SOLILOQUIO
Necesito hablar con él. Le cito de madrugada, cuando el gallo lanza al aire su canto de notas alborotadas. Llega puntual, justo en el instante en que se desperezan mis párpados.
Tengo tantas preguntas.
Acude con prisas y me apremia a acompañarle, dice que no puede detenerse, que me irá respondiendo sobre la marcha.
Primera pregunta: por qué de joven no me percaté de la severidad de su contrato.
Y por qué ahora viene a cobrar su renta.
Me mira y guarda silencio.
Le confieso que añoro los primeros cerezos, que todo ocurrió a mucha velocidad, que casi nada hacía porque todo lo dejaba “para mañana”, que la vanidad de mi juventud embotó mi vista y mis oídos.
Me quejo de que trocara en mi piel la tersura por papiro rugoso y manchado.

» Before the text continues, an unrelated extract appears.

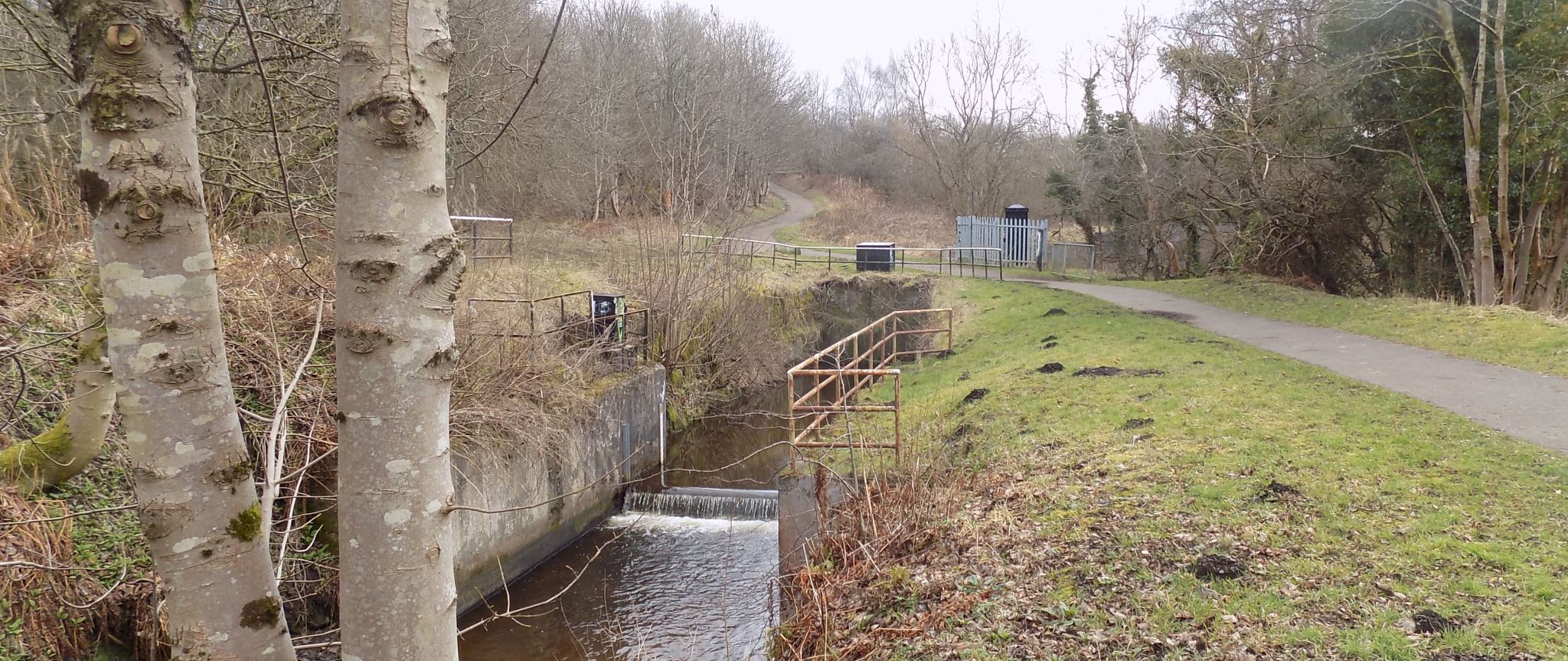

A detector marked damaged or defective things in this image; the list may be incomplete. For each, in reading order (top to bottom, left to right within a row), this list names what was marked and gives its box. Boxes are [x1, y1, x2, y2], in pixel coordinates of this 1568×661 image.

rusty metal handrail [790, 304, 946, 452]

De que me apagase el brillo de la mirada y la dejara mate y si reflejos.
De convertir mi voz profunda en un rumor inseguro y vacilante.
De no poder alcanzar la fruta prohibida.
Iniciamos una ascensión repentina por un lugar empedrado de felicidades desvanecidas.
Mis pies se desgarran con sus aristas.
El sol se oculta envuelto en una bruma indefinida que desprende lágrimas de sal y vinagre.
Nos acercamos a lo que parece una vieja estación de ferrocarril.
Piedras cinceladas por la mano de quien me acompaña.
Al fin, él, me mira y me dice.
-Entra y agota tu prórroga. Soy tuyo mientras dure, no me maltrates. Aprovéchame.
El lugar huele a sueño y a oxido de años.
Unos pocos leen sentados en bancos de madera carcomida.
Otros escriben en viejas libretas.
Otros charlan en grupo.
Algunos, simplemente, andan por el pasillo.
Muchos sestean con los brazos cruzados y en sus cuencas huérfanas se adivinan viejos sambenitos.
Todos esperan
En un rincón hay una silla y una mesa. Sobre ella, un ordenador enchufado a la red. Me siento, quito el polvo al teclado y comienzo a escribir.